**INSTRUCTIONS FOR THE TASK:** Reproduce the listing below in full and without alteration, apart from its pictures.

**DATA BLOCK:**

'''

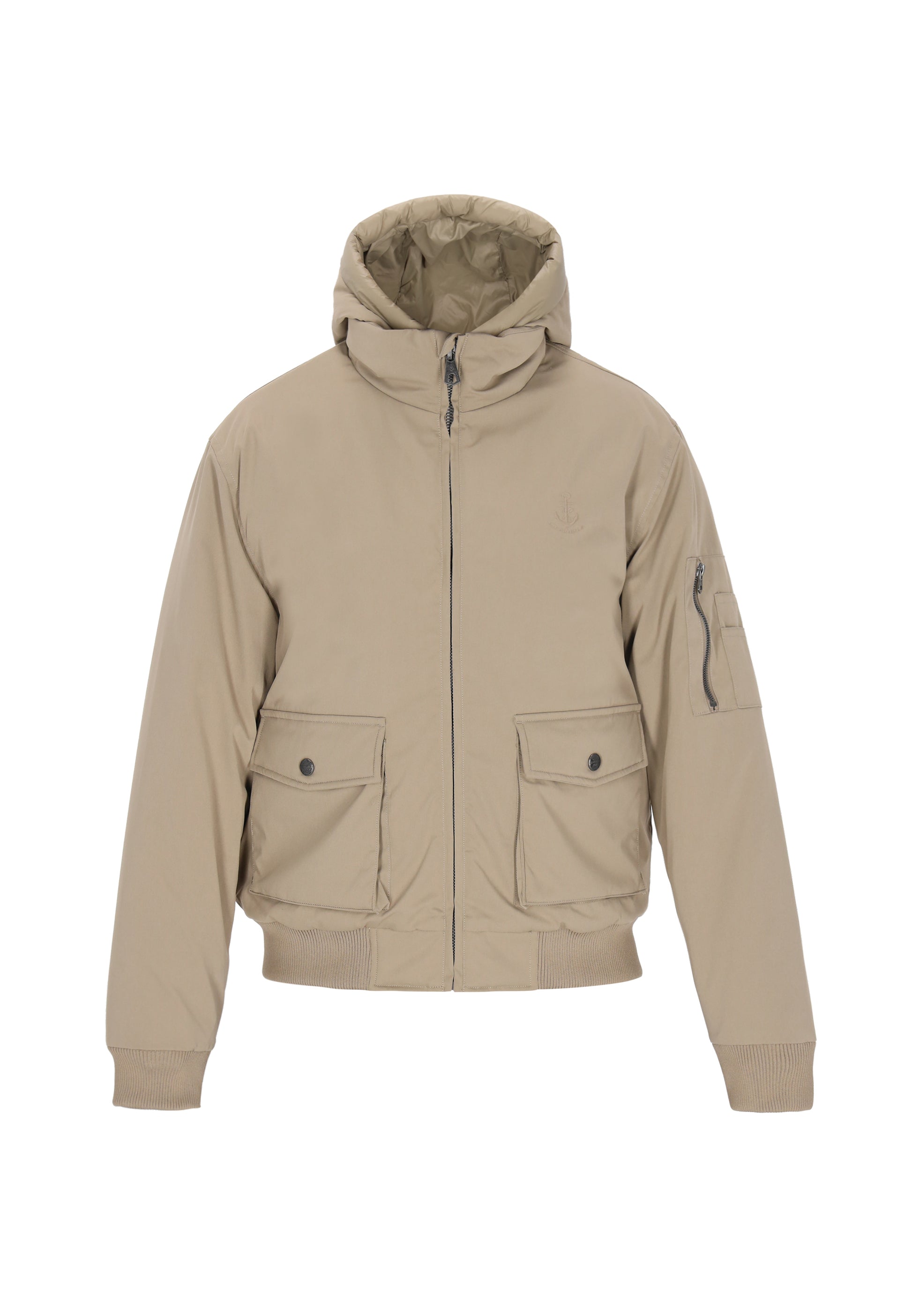 DreiMaster Vintage Herren Jacket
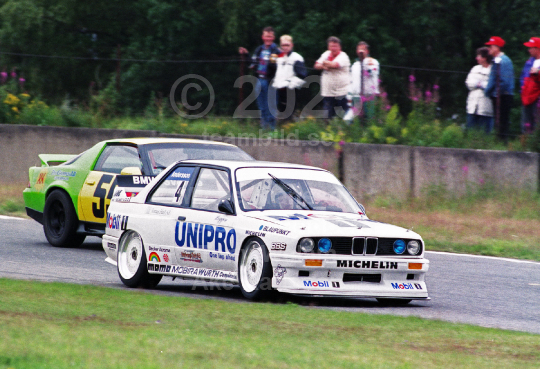 Västkustloppet 1993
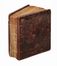 Codice pergamenaceo in lingua etiope.  - Asta Libri & Grafica - Libreria Antiquaria Gonnelli - Casa d'Aste - Gonnelli Casa d'Aste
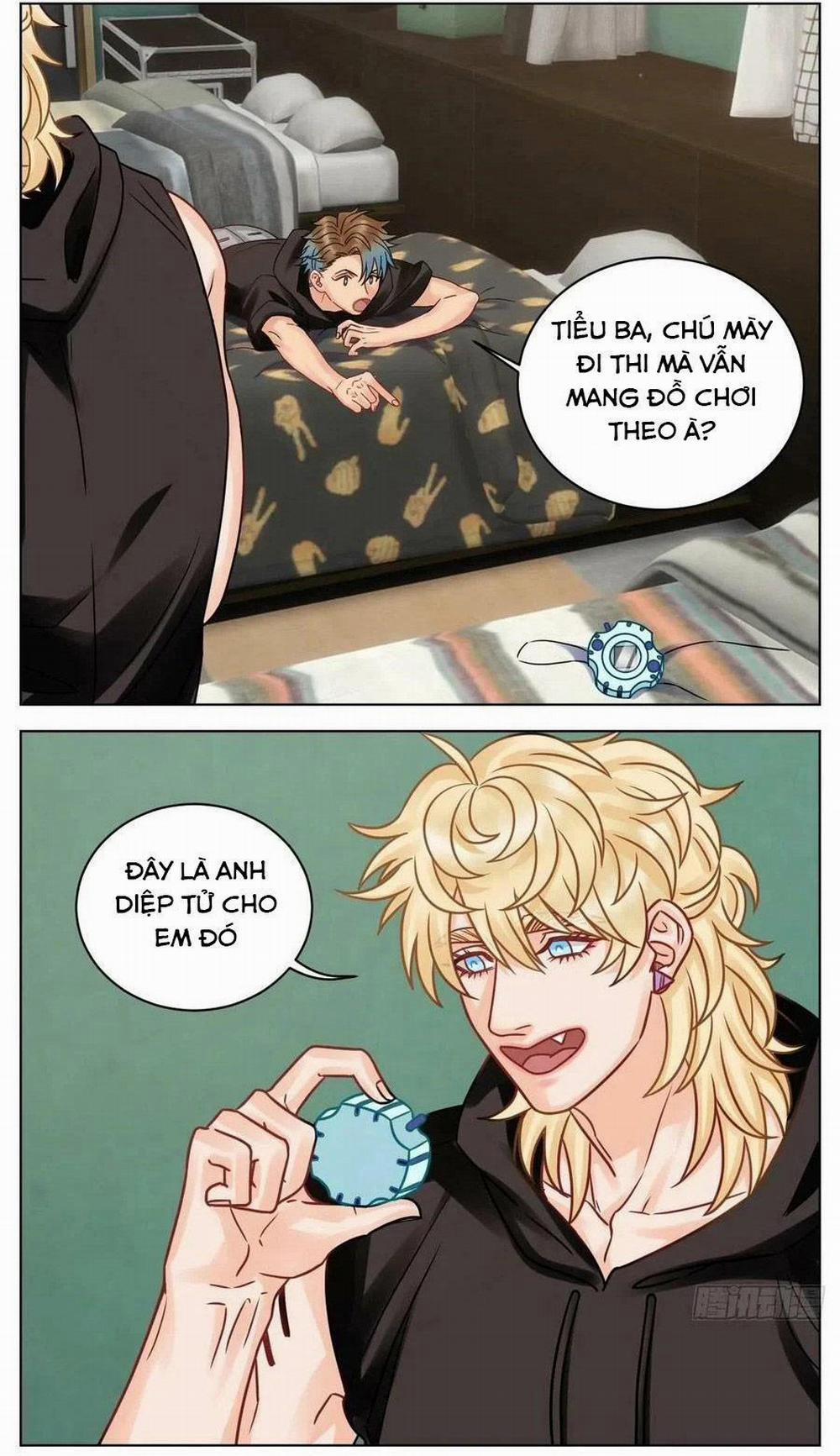 Ký túc xá nam phòng 303 192 trang 1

'''

**ANSWER SECTION:**
 DreiMaster Vintage Herren Jacket
 Västkustloppet 1993
 Codice pergamenaceo in lingua etiope.  - Asta Libri & Grafica - Libreria Antiquaria Gonnelli - Casa d'Aste - Gonnelli Casa d'Aste
 Ký túc xá nam phòng 303 192 trang 1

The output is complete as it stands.